**The problem**:
The lines to extract begin at the line that contains "2023 GMC Sierra" and run through the last line of the listing; reproduce them exactly, minus any pictures.

**Data extract**:
*** Block opens ***
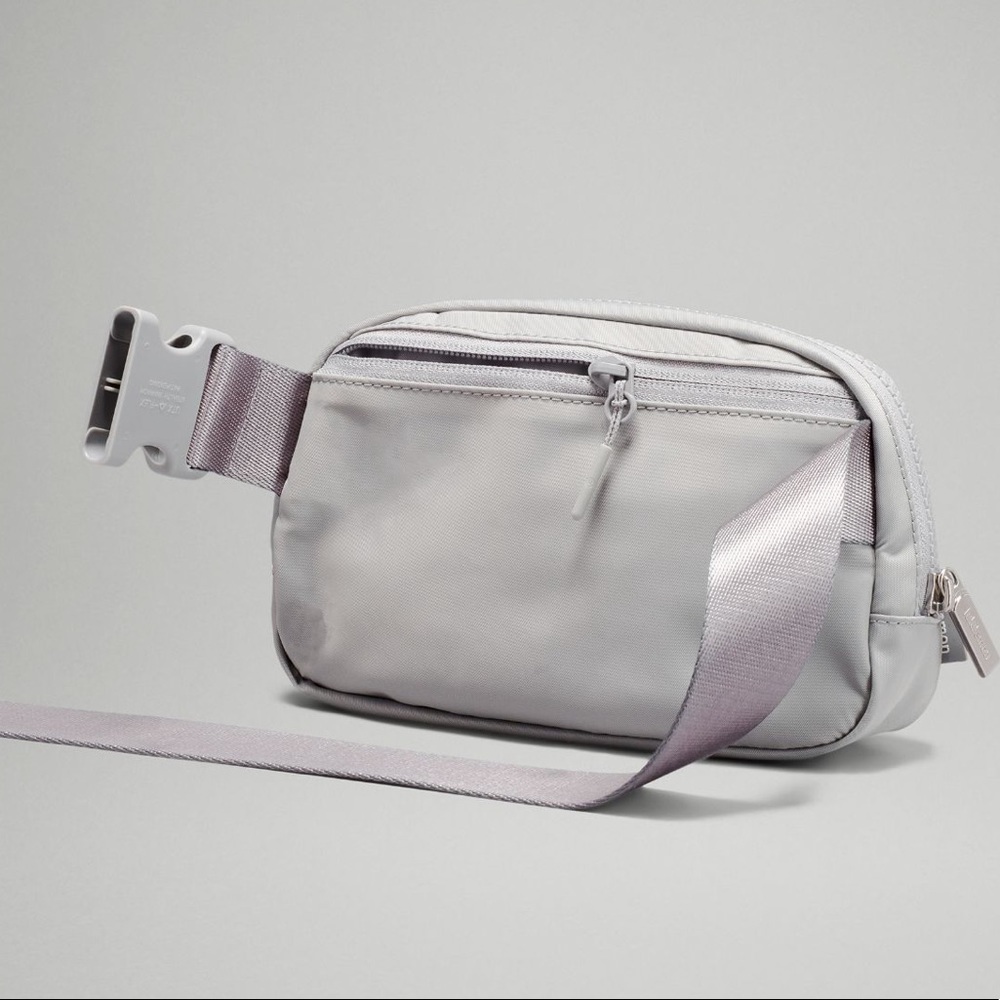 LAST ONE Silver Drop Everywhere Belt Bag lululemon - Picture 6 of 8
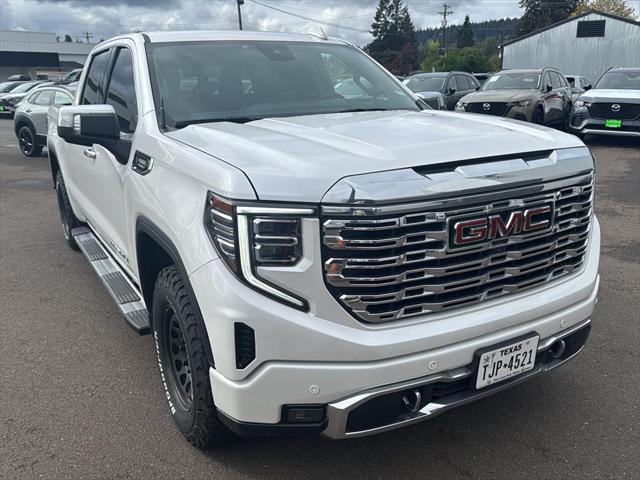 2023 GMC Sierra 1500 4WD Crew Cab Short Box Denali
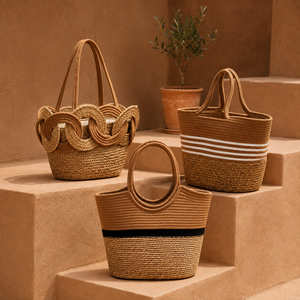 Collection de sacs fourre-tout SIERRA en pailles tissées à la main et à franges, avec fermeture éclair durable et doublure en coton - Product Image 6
*** Block closes ***
**Response to this task**:
 2023 GMC Sierra 1500 4WD Crew Cab Short Box Denali
 Collection de sacs fourre-tout SIERRA en pailles tissées à la main et à franges, avec fermeture éclair durable et doublure en coton - Product Image 6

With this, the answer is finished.